Si el relato es confuso o contradictorio, el consumidor se retrae espantado y no lo escucha. Pero si la historia es convincente y se dirige a deseos básicos, como el miedo, el poder o la aceptación social, puede ocurrir que sea adoptada. Si logramos cubrir todas los puntos de contacto con una historia consistente, maximizamos la probabilidad de que la historia que queremos contar vaya a ser escuchada.

Fase 4: Lo que convence al consumidor no son las características del producto, la utilidad, sino lo que le hace sentir, la historia.

Las historias funcionan porque la gente compra cosas que desea, no que necesita. Y la razón para comprar cosas deseadas es lo que ellas te hacen sentir. Por ejemplo, la gente compra agua embotellada porque les hace sentirse más sanos o más exclusivos, no porque necesiten el agua para beber.

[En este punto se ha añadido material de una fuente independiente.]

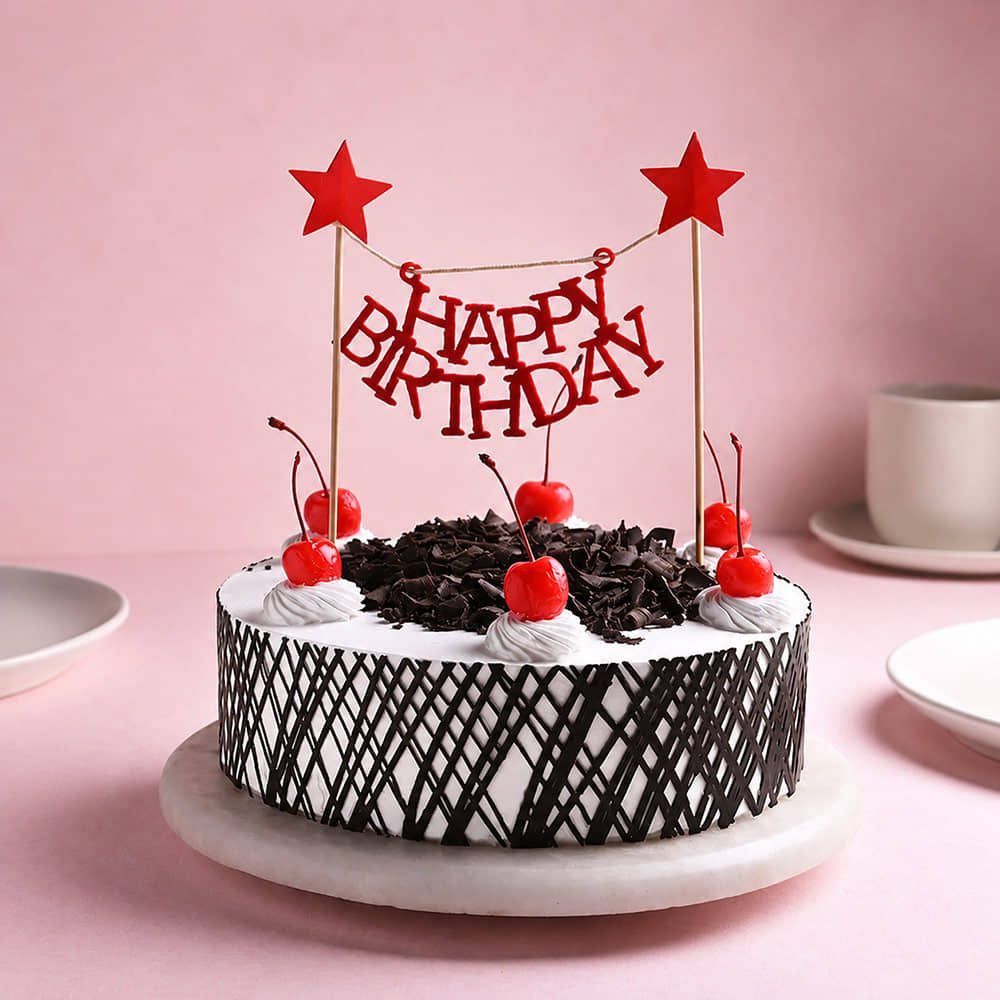 Birthday Classic Black Forest Cake Front View of Classic Black Forest Cake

Mucha gente se queja de que no vende su producto a pesar de la virtudes que tiene (muy bueno, rápido, duradero, etc.). Se enfocan sólo en la utilidad del producto. El problema es que la gente no compra lo que necesita, sino lo que desea.

Qué ofrecen las historias que triunfan:

• Un atajo.
• Un milagro.
• Dinero.
• Éxito social.
• Seguridad.
• Satisfacción del amor propio.
• Diversión.
• Placer.
• Afiliación a un grupo, familia o colectivo.
• A veces también juegan con el miedo, prometiendo evitar lo contrario de las cosas citadas en la relación anterior.

Qué es lo que no ofrecen:

• Una calidad buenísima.
• Un precio ligeramente más favorable.
• Lo mejor que usted puede conseguir dadas las circunstancias.
• Comodidad.
• Un artículo aceptable a un precio aceptable.
• Gente simpática.
• Un folleto de lujo.
• Menos defectos.
• La garantía habitual del ramo.

Ninguno de estos atributos merece una historia. Los consumidores no se lo contarían a sí mismos y jamás lo considerarían lo suficientemente memorable para repetírselo a sus amigos. Casi nadie quiere una taladradora ligeramente mejor o un bizcocho ligeramente más nutritivo.

Fase 5: El vendedor que tiene autenticidad prospera. Sólo si la historia es auténtica el consumidor la repetirá a otras personas.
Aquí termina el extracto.